-- Task objective --
I would like every record below transcribed exactly as it is.

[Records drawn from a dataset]
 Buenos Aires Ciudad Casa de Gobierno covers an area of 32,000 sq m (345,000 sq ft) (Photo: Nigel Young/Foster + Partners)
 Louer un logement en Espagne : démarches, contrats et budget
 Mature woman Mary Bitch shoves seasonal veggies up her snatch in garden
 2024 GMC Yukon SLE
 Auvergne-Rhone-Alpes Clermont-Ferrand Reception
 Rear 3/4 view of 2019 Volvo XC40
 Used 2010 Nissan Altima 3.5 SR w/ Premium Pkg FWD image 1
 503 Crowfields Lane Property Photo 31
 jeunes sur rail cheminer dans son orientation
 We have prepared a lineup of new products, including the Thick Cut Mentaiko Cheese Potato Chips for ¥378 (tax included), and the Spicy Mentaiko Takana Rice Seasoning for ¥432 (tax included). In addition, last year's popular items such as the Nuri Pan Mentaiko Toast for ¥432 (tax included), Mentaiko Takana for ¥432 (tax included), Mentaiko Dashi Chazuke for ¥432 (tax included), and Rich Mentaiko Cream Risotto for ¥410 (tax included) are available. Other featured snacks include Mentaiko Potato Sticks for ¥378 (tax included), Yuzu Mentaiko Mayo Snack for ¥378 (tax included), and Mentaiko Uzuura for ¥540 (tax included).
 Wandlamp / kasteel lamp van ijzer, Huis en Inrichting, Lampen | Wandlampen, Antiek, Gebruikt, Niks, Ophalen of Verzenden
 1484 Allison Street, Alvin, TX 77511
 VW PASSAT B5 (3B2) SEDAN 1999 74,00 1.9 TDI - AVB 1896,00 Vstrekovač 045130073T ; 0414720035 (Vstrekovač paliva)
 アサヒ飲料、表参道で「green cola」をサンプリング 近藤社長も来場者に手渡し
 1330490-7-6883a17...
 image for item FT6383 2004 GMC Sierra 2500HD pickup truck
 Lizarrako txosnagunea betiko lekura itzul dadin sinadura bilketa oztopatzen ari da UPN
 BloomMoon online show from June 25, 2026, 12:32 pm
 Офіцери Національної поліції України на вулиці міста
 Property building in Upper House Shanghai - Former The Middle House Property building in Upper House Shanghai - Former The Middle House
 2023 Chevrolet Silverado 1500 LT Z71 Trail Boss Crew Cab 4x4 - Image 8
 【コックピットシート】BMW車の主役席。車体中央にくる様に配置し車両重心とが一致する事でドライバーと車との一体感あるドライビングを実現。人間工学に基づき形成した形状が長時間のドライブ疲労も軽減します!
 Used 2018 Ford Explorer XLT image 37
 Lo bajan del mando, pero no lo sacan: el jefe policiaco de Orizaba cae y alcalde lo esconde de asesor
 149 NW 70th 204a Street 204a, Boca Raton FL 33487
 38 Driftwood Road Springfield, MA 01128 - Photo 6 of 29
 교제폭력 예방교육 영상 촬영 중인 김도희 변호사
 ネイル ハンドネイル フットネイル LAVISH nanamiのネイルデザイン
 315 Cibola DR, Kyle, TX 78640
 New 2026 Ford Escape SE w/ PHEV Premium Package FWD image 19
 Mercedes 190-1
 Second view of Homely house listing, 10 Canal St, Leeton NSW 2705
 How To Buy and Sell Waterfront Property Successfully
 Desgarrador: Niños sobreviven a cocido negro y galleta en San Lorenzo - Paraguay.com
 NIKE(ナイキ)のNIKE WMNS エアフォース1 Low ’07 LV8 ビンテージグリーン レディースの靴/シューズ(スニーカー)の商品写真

-- Written solution --
 Buenos Aires Ciudad Casa de Gobierno covers an area of 32,000 sq m (345,000 sq ft) (Photo: Nigel Young/Foster + Partners)
 Louer un logement en Espagne : démarches, contrats et budget
 Mature woman Mary Bitch shoves seasonal veggies up her snatch in garden
 2024 GMC Yukon SLE
 Auvergne-Rhone-Alpes Clermont-Ferrand Reception
 Rear 3/4 view of 2019 Volvo XC40
 Used 2010 Nissan Altima 3.5 SR w/ Premium Pkg FWD image 1
 503 Crowfields Lane Property Photo 31
 jeunes sur rail cheminer dans son orientation
 We have prepared a lineup of new products, including the Thick Cut Mentaiko Cheese Potato Chips for ¥378 (tax included), and the Spicy Mentaiko Takana Rice Seasoning for ¥432 (tax included). In addition, last year's popular items such as the Nuri Pan Mentaiko Toast for ¥432 (tax included), Mentaiko Takana for ¥432 (tax included), Mentaiko Dashi Chazuke for ¥432 (tax included), and Rich Mentaiko Cream Risotto for ¥410 (tax included) are available. Other featured snacks include Mentaiko Potato Sticks for ¥378 (tax included), Yuzu Mentaiko Mayo Snack for ¥378 (tax included), and Mentaiko Uzuura for ¥540 (tax included).
 Wandlamp / kasteel lamp van ijzer, Huis en Inrichting, Lampen | Wandlampen, Antiek, Gebruikt, Niks, Ophalen of Verzenden
 1484 Allison Street, Alvin, TX 77511
 VW PASSAT B5 (3B2) SEDAN 1999 74,00 1.9 TDI - AVB 1896,00 Vstrekovač 045130073T ; 0414720035 (Vstrekovač paliva)
 アサヒ飲料、表参道で「green cola」をサンプリング 近藤社長も来場者に手渡し
 1330490-7-6883a17...
 image for item FT6383 2004 GMC Sierra 2500HD pickup truck
 Lizarrako txosnagunea betiko lekura itzul dadin sinadura bilketa oztopatzen ari da UPN
 BloomMoon online show from June 25, 2026, 12:32 pm
 Офіцери Національної поліції України на вулиці міста
 Property building in Upper House Shanghai - Former The Middle House Property building in Upper House Shanghai - Former The Middle House
 2023 Chevrolet Silverado 1500 LT Z71 Trail Boss Crew Cab 4x4 - Image 8
 【コックピットシート】BMW車の主役席。車体中央にくる様に配置し車両重心とが一致する事でドライバーと車との一体感あるドライビングを実現。人間工学に基づき形成した形状が長時間のドライブ疲労も軽減します!
 Used 2018 Ford Explorer XLT image 37
 Lo bajan del mando, pero no lo sacan: el jefe policiaco de Orizaba cae y alcalde lo esconde de asesor
 149 NW 70th 204a Street 204a, Boca Raton FL 33487
 38 Driftwood Road Springfield, MA 01128 - Photo 6 of 29
 교제폭력 예방교육 영상 촬영 중인 김도희 변호사
 ネイル ハンドネイル フットネイル LAVISH nanamiのネイルデザイン
 315 Cibola DR, Kyle, TX 78640
 New 2026 Ford Escape SE w/ PHEV Premium Package FWD image 19
 Mercedes 190-1
 Second view of Homely house listing, 10 Canal St, Leeton NSW 2705
 How To Buy and Sell Waterfront Property Successfully
 Desgarrador: Niños sobreviven a cocido negro y galleta en San Lorenzo - Paraguay.com
 NIKE(ナイキ)のNIKE WMNS エアフォース1 Low ’07 LV8 ビンテージグリーン レディースの靴/シューズ(スニーカー)の商品写真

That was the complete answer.